• _Task statement_
Copy out only the span from the line with "서울 시내 한 편의점에 진열된 신라면. [사진=농심]" to the end of the data, both ends kept, word for word.

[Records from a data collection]
[Start of Attachment]
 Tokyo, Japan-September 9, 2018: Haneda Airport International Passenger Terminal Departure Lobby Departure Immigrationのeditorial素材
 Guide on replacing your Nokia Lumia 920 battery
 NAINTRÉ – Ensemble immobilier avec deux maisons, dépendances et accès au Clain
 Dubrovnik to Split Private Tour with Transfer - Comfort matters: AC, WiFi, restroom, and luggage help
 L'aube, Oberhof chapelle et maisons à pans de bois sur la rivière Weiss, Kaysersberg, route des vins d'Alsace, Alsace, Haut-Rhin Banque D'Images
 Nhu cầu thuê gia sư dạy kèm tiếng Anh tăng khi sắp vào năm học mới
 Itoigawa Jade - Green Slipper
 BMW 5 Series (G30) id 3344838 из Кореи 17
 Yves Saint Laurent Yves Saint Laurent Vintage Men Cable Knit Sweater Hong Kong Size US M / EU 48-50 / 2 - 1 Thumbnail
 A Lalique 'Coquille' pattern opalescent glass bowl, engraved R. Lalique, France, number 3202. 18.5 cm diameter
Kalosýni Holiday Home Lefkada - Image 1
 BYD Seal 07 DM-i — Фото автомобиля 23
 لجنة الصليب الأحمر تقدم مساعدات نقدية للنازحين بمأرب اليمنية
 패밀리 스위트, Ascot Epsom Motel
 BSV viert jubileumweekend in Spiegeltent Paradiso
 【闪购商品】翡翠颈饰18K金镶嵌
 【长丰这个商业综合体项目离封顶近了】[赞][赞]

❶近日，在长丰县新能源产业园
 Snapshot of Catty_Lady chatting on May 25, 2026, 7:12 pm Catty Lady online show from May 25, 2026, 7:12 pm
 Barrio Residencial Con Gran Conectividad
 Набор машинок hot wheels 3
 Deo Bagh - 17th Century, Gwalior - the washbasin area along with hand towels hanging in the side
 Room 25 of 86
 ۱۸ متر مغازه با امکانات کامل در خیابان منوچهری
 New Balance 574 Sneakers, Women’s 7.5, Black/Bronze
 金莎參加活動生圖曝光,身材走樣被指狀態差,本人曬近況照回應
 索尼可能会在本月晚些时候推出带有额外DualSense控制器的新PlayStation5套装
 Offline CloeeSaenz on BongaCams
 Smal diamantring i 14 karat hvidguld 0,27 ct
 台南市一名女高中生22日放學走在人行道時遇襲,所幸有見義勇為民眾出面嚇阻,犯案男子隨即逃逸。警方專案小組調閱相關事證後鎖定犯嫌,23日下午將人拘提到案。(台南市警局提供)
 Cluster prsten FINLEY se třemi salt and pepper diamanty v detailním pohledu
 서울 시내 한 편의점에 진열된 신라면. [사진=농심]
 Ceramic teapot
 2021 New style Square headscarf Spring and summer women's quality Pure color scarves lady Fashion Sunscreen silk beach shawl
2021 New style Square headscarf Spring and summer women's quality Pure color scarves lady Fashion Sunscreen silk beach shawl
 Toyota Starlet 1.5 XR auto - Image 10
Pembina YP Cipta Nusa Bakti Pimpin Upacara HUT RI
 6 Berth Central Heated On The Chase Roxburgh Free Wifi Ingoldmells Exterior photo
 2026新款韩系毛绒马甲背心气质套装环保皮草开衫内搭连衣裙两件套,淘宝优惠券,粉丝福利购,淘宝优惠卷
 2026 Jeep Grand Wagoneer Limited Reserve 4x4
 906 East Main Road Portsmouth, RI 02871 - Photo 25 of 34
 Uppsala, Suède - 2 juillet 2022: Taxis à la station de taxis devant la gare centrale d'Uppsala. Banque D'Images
[End of Attachment]
• _Solved problem_
 서울 시내 한 편의점에 진열된 신라면. [사진=농심]
 Ceramic teapot
 2021 New style Square headscarf Spring and summer women's quality Pure color scarves lady Fashion Sunscreen silk beach shawl
2021 New style Square headscarf Spring and summer women's quality Pure color scarves lady Fashion Sunscreen silk beach shawl
 Toyota Starlet 1.5 XR auto - Image 10
Pembina YP Cipta Nusa Bakti Pimpin Upacara HUT RI
 6 Berth Central Heated On The Chase Roxburgh Free Wifi Ingoldmells Exterior photo
 2026新款韩系毛绒马甲背心气质套装环保皮草开衫内搭连衣裙两件套,淘宝优惠券,粉丝福利购,淘宝优惠卷
 2026 Jeep Grand Wagoneer Limited Reserve 4x4
 906 East Main Road Portsmouth, RI 02871 - Photo 25 of 34
 Uppsala, Suède - 2 juillet 2022: Taxis à la station de taxis devant la gare centrale d'Uppsala. Banque D'Images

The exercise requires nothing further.